Come è stato l'impatto di Pep Guardiola con la Serie A? Il mister catalano ha ricordato quanto accadde nel 2001 quando approdò al Brescia di Carlo Mazzone. L'impatto non fu dei migliori per l'ex perno del Barcellona: "Ricordo Mazzone il primo giorno che sono arrivato a Brescia… è stato un papà per me. Vi racconto un episodio del primo giorno. Vengo dal Barcellona, io capitano, da una squadra di stelle, arrivo a Brescia e lui prima della cena mi dice  ‘Pep io non ti volevo, non so che fai qua'. Io dico ‘Ma io vengo dal Barcellona e ora che succede qua'. E lui mi dice ‘Perché io ho acquistato Giunti e ho dato fiducia a Giunti, ma ora siete in due nello stesso ruolo. Però ti dico una cosa che tu sei molto forte, ti vorrò bene e ti farò giocare'".

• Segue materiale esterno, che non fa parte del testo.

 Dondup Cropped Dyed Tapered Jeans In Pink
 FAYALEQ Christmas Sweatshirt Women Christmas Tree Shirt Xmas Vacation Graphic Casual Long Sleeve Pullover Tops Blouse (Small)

Nonostante tutto Pep ha stabilito un feeling fortissimo con l'ex mister, che ricorda ancora come un padre. Certo anche dal punto di vista tecnico, le cose inizialmente non andarono benissimo per lui che ci mise un po' ad integrarsi: "Poi ho avuto la vicenda del doping e mi ha trattato come un figlio. Ma negli allenamenti diceva ‘ragazzi uno, tre Luca Toni, due Filippini, e inserimento Roberto Baggio'. E io dicevo ‘Ma cosa sono uno-tre, due-tre… erano le zone”. Poi ho capito tutt0, eravamo una squadra molto bella: ma non abbiamo potuto fare tanto".